Exercise prompt:
Pictures in the records below must be left out. Return exactly the lines from the line with "Voters line up" to the line with "Un coin repas", both included.

Dataset content:
________

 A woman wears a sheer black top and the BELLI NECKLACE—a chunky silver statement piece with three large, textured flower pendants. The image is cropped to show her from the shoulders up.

________

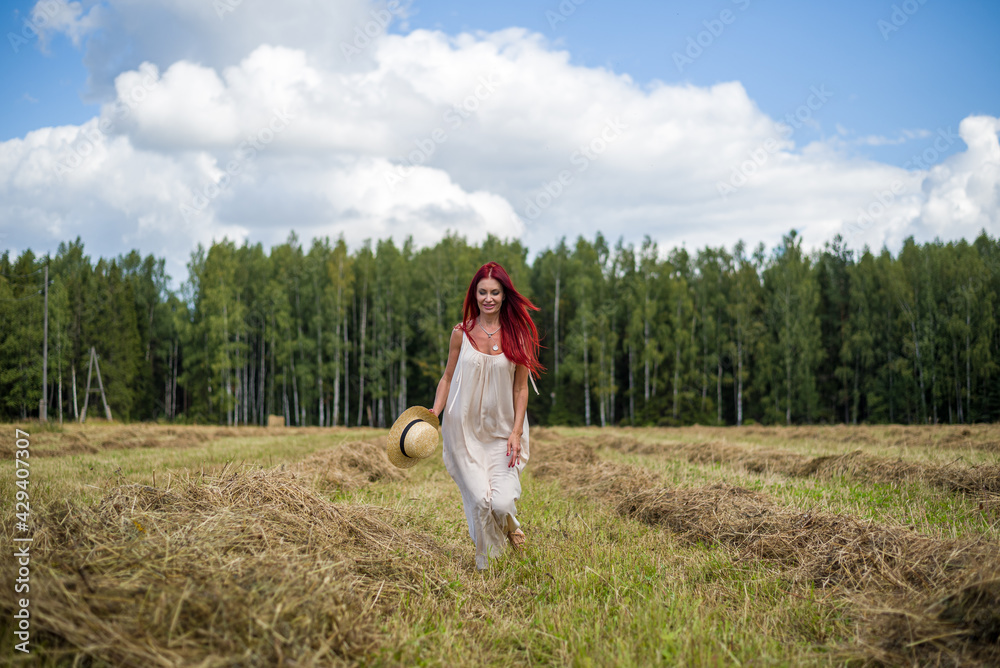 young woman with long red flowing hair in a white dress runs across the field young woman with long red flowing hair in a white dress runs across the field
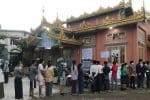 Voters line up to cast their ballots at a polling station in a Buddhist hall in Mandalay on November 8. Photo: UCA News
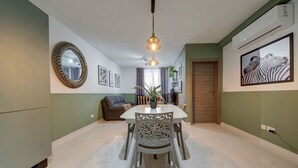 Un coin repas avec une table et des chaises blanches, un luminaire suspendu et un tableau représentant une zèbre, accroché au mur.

________

Response to the task:
 Voters line up to cast their ballots at a polling station in a Buddhist hall in Mandalay on November 8. Photo: UCA News
 Un coin repas avec une table et des chaises blanches, un luminaire suspendu et un tableau représentant une zèbre, accroché au mur.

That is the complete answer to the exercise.